[Task details]: Report how many lines in the data include "Black", with the number as the only reply.
——————
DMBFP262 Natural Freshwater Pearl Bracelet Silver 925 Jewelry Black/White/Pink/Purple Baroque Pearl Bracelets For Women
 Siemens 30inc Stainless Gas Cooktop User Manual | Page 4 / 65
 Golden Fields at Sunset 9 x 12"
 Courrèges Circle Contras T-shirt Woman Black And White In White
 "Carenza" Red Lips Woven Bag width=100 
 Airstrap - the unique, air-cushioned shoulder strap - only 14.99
——————
[Task solution]: 2